_REQUIRED ACTION_. If a line in the listing contains "back", copy it out whole.

_STORED DATA_.
= = = =
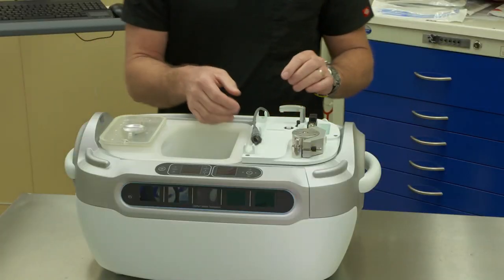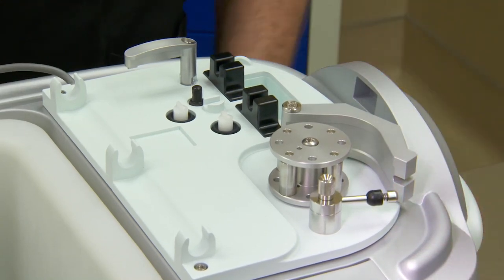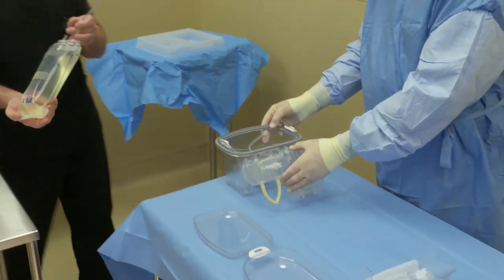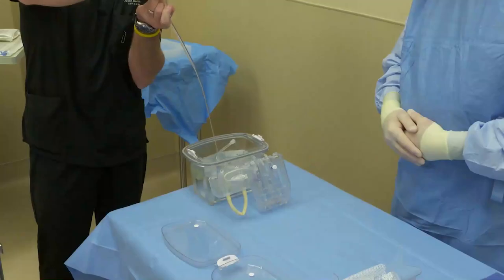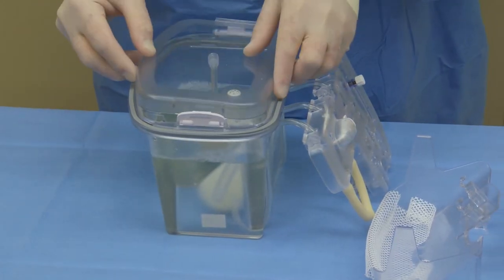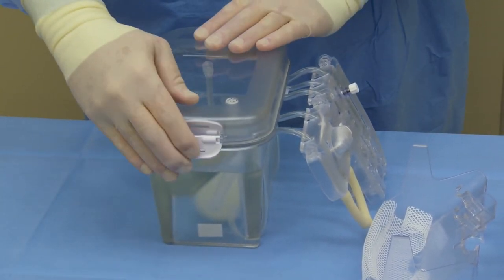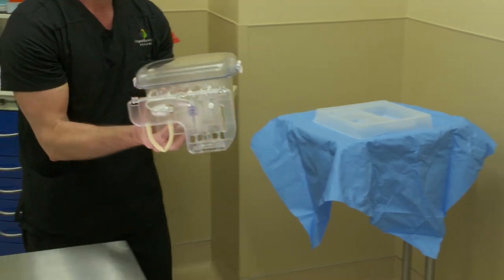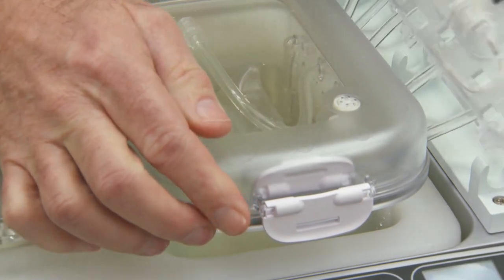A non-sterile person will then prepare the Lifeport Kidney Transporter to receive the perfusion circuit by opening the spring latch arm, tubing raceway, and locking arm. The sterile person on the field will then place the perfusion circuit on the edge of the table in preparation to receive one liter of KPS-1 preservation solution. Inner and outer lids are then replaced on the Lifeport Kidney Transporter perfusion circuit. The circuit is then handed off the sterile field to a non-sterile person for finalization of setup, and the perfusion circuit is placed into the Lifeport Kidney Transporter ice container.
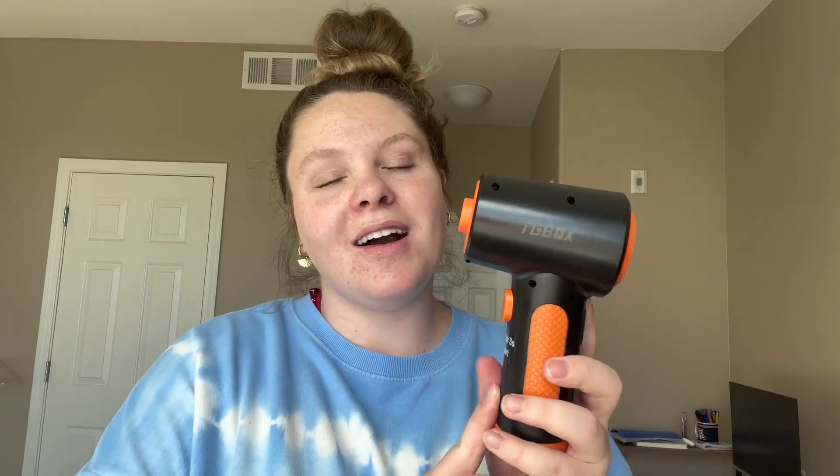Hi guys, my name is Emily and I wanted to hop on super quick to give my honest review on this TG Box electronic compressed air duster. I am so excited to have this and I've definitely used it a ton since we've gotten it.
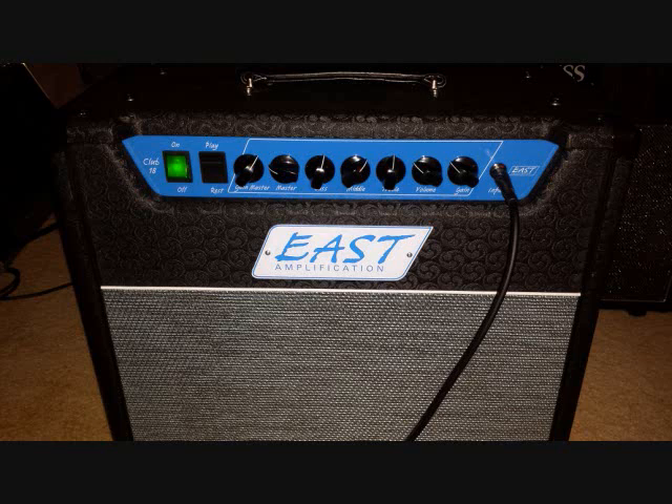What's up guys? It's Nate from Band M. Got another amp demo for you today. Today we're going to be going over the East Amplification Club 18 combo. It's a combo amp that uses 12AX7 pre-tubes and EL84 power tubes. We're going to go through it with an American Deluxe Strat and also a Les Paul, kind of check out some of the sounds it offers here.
= = = =
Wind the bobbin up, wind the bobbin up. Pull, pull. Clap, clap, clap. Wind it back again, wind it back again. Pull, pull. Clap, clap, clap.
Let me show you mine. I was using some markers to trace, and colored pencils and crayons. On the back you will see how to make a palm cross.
= = = =
_PROBLEM SOLUTION_.
Wind the bobbin up, wind the bobbin up. Pull, pull. Clap, clap, clap. Wind it back again, wind it back again. Pull, pull. Clap, clap, clap.
Let me show you mine. I was using some markers to trace, and colored pencils and crayons. On the back you will see how to make a palm cross.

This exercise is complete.